By Connor Adams Sheets
More than 400 square blocks in the Auburndale area are included in a rezoning application the Department of City Planning expects to certify by April, according to Paul Graziano, an independent urban planning consultant in Flushing, who attended a closed-door community meeting on the issue last week with department representatives.
The plan represents the long-postponed fruit of a decade of advocacy work by Graziano and concerned residents and officials who say they want to see their residential neighborhoods protected from over-development.
The rezoning will go a long way toward protecting the character of parts of Auburndale, Kissena Park and Hollis Hills, Graziano said, but issues remain involving the plan for the Station Road, Oakland Gardens and Northern Boulevard areas.
“City Planning has moved in the right direction on everything except for a few major, major sticking points,” he said. “For the most part, it’s pretty good. All the issues pretty much focus on the Station Road area, all the other neighborhoods seem to be on board otherwise …. For the most part it’s changing the zoning to better reflect the existing physical development pattern.”

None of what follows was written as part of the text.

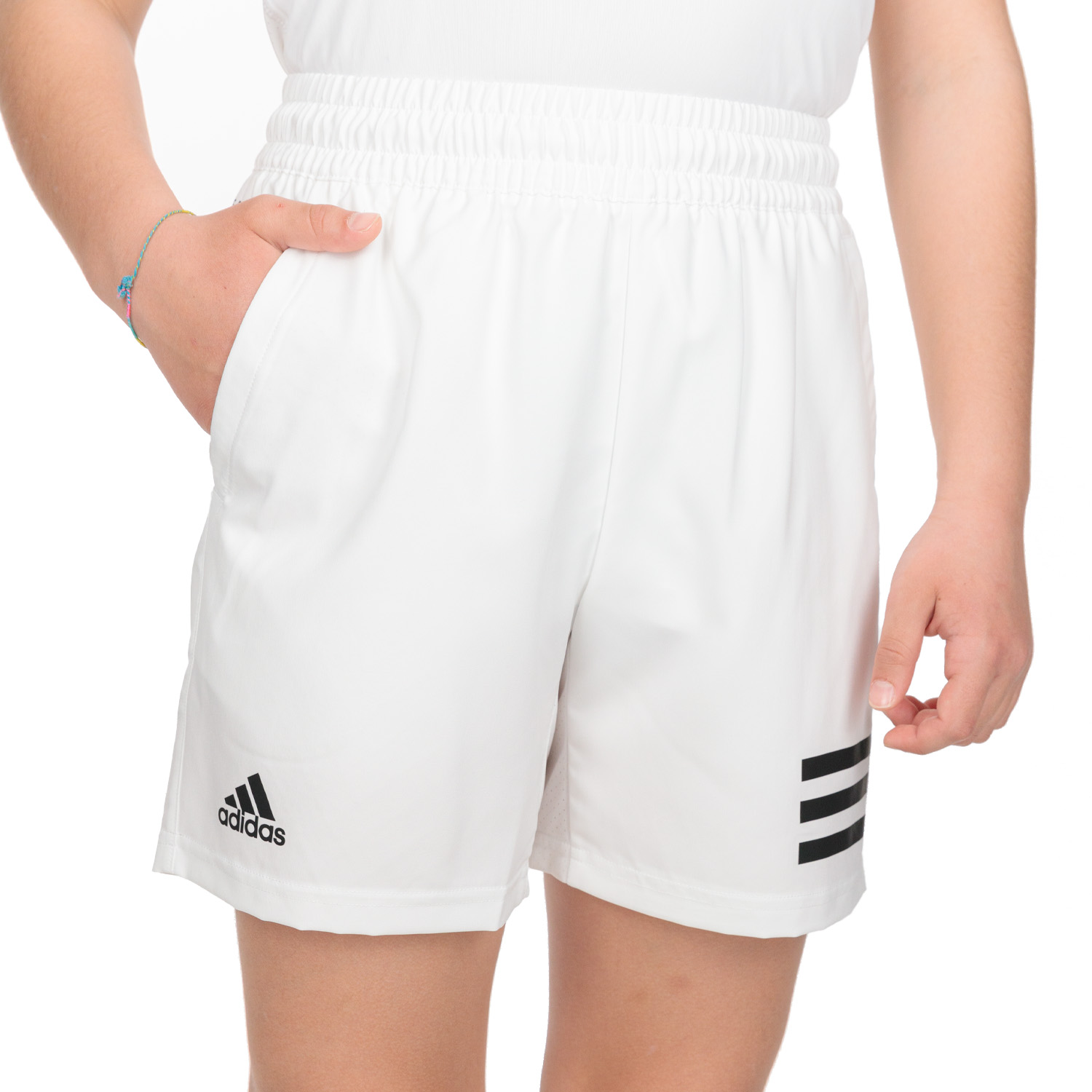 adidas Club 3-Stripe 7in Pantaloncini da Tennis Bambino - White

City Councilman Tony Avella (D-Bayside) said he has had conversations with City Planning representatives and thinks the agency will address the Oakland Gardens and Northern Boulevard concerns, but not the remaining Station Road issue.
“They addressed 90 percent of what we wanted done. I don’t see why this administration can’t do 100 percent of what the community asked for, but that’s the art of compromise,” he said. “Out of the three outstanding issues, two of them can be addressed at this point, and I’ve had conversations with them and I think they will be, so at this point I think we’d have the consensus that we need to move ahead if these two issues could be addressed.”

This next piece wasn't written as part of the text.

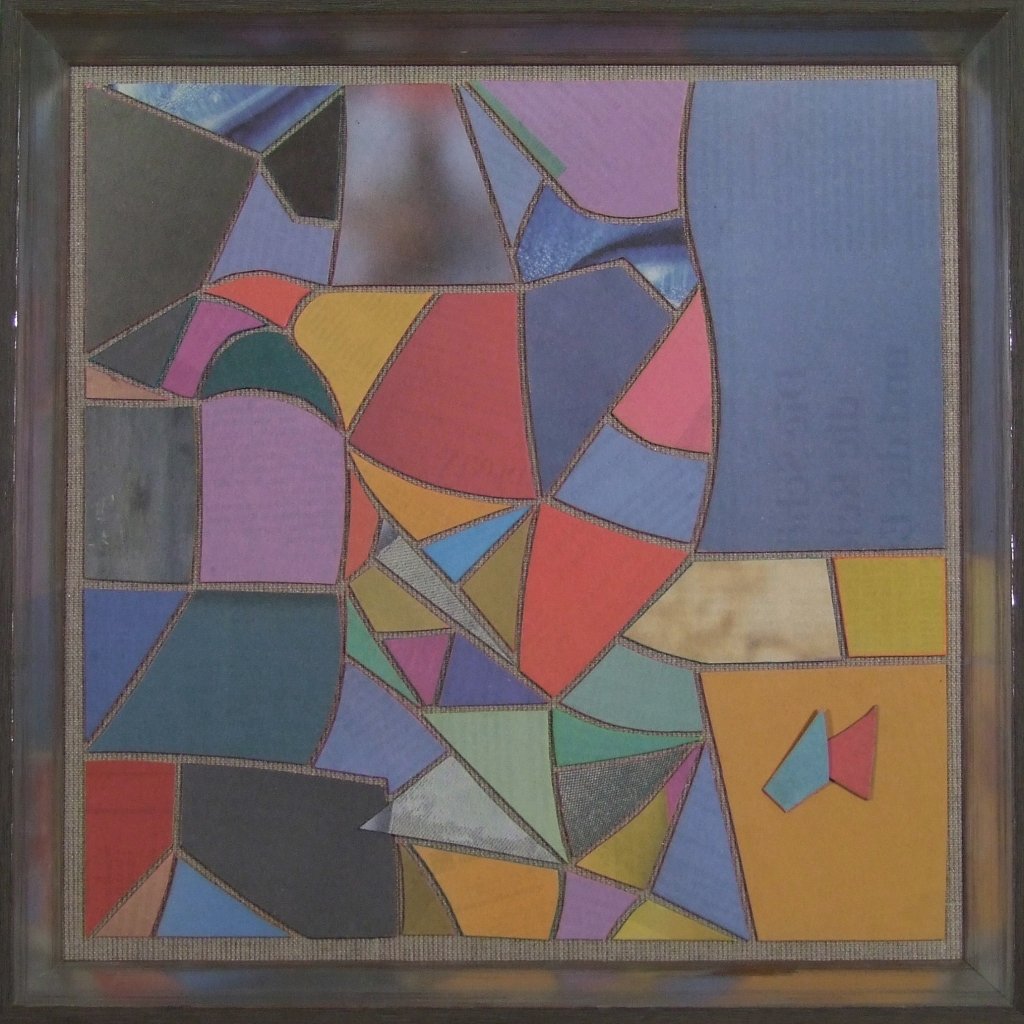 Farbige Zeitungscollage von Carsten Schneider. Katalognummer 247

But the Station Road problem is significant, Graziano emphasized, who said the concerns about the other areas also must be adequately addressed. The manufacturing-zoned area near Star Nissan at Auburndale Lane is bothersome to nearby residents, who want it downzoned to residential, Graziano said, and the plan does so for only one-half of the site.

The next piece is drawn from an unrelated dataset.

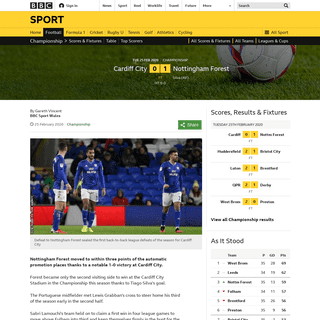Cardiff City 0-1 Nottingham Forest- Tiago Silva goal seals Forest win - BBC Sport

City Planning maintains that it has a longstanding policy to not rezone districts from manufacturing to residential if they are currently occupied by manufacturing uses.
But the city has accommodated nearly all of the residents’ concerns, according to Graziano, and the plan will stop the creep of big development, which he said has been detrimental to northeast Queens in recent years.
“This rezoning will do a lot to stabilize these neighborhoods, but as I’m saying, the damage has been done, but not enough to change the outcome of the proposed zoning,” he said. “It’s still a strong character, but if something isn’t done quickly, five or 10 years will go by and the character will be destroyed.”